▶ [WHAT YOU SHOULD DO]
Begin at the line below that holds "Patio & Yard: Family" and end at the line that holds "Hayırseverler Şanlıurfa'ya üç", transcribing each line exactly and skipping any picture.

▶ [EXERCISE DATA]
== Segment start ==
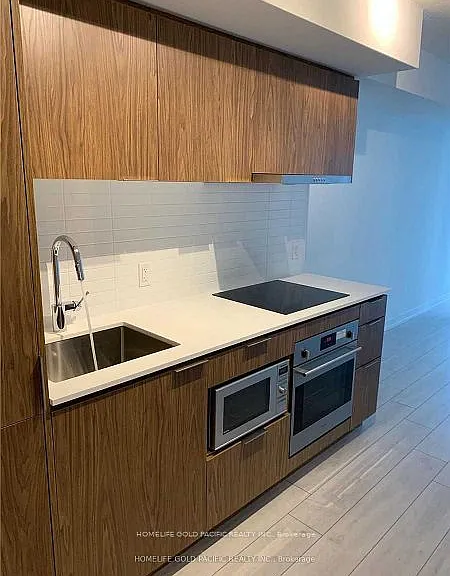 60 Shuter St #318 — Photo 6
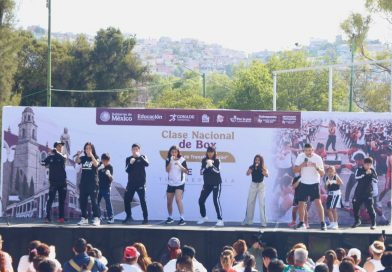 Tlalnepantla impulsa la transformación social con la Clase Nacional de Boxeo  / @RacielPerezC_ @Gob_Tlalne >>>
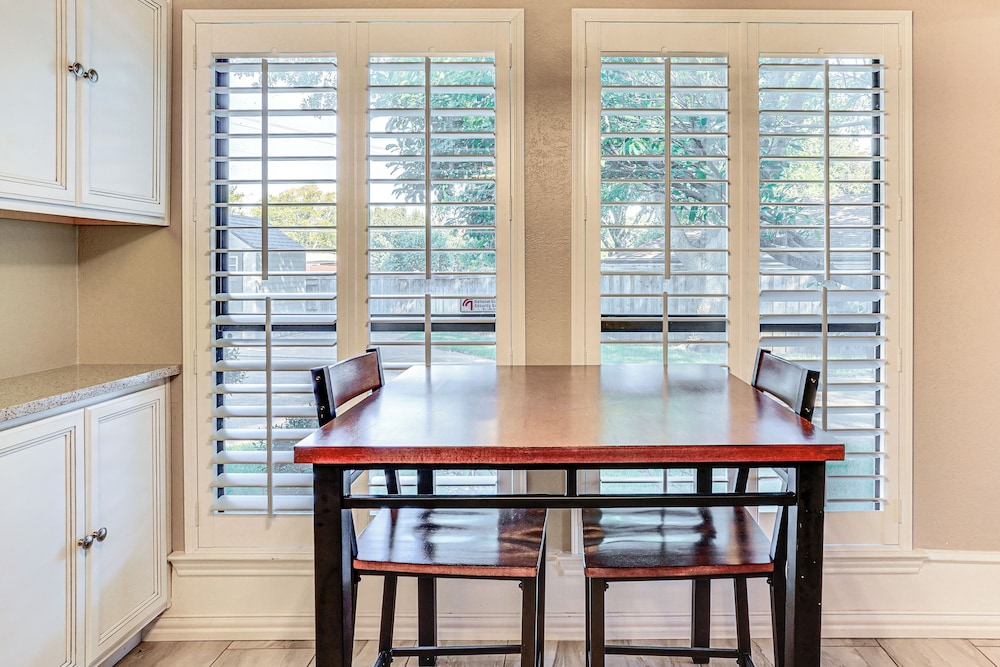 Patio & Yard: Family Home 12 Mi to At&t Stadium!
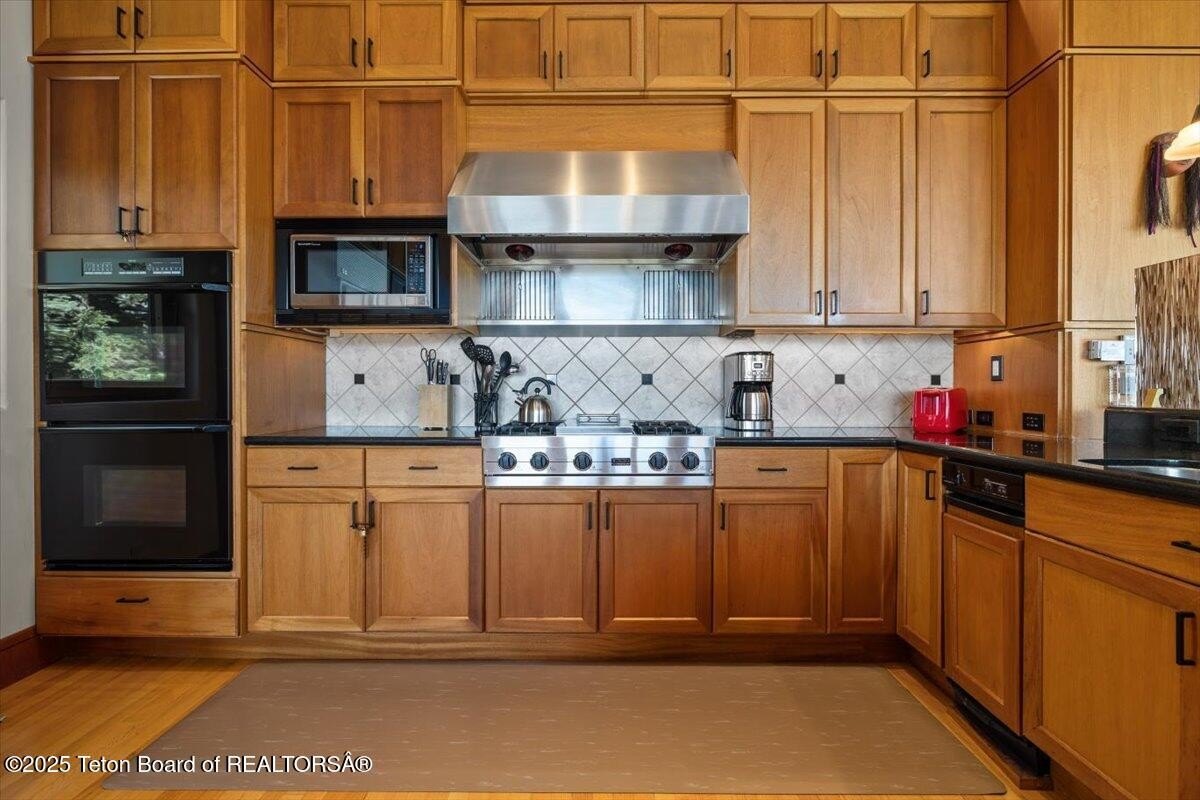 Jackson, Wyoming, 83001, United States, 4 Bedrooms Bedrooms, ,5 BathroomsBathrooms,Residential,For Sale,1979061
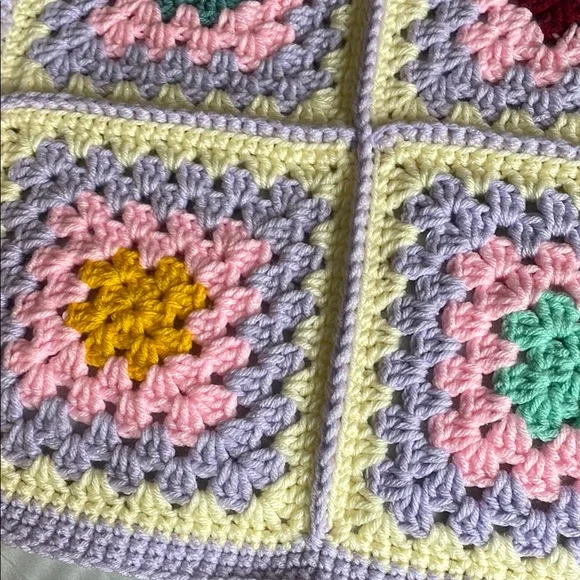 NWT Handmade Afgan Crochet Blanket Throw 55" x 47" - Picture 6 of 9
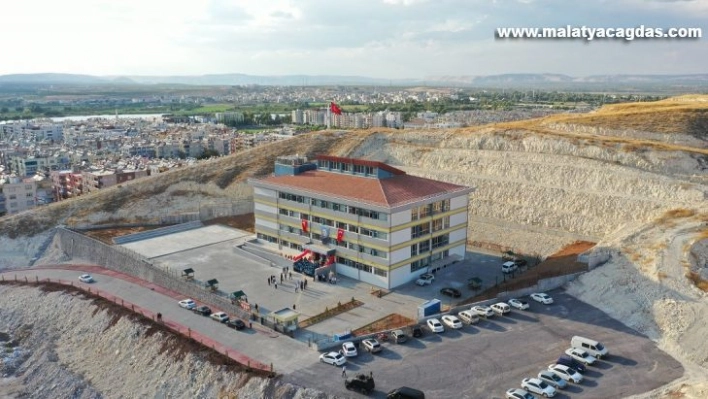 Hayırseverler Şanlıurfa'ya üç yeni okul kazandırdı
== Segment end ==
== Segment start ==
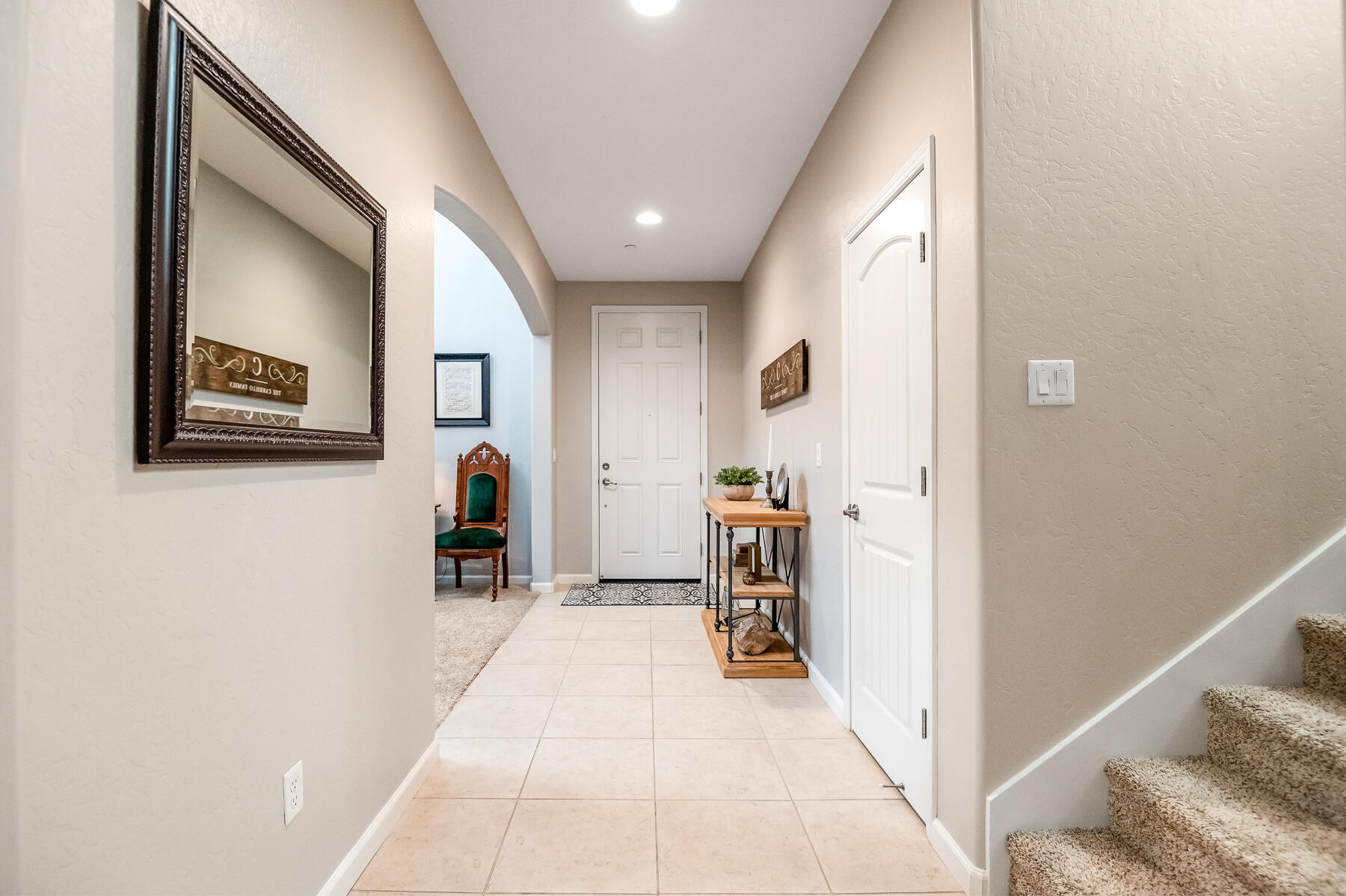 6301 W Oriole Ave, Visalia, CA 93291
== Segment end ==
▶ [OUTPUT BELOW]
 Patio & Yard: Family Home 12 Mi to At&t Stadium!
 Jackson, Wyoming, 83001, United States, 4 Bedrooms Bedrooms, ,5 BathroomsBathrooms,Residential,For Sale,1979061
 NWT Handmade Afgan Crochet Blanket Throw 55" x 47" - Picture 6 of 9
 Hayırseverler Şanlıurfa'ya üç yeni okul kazandırdı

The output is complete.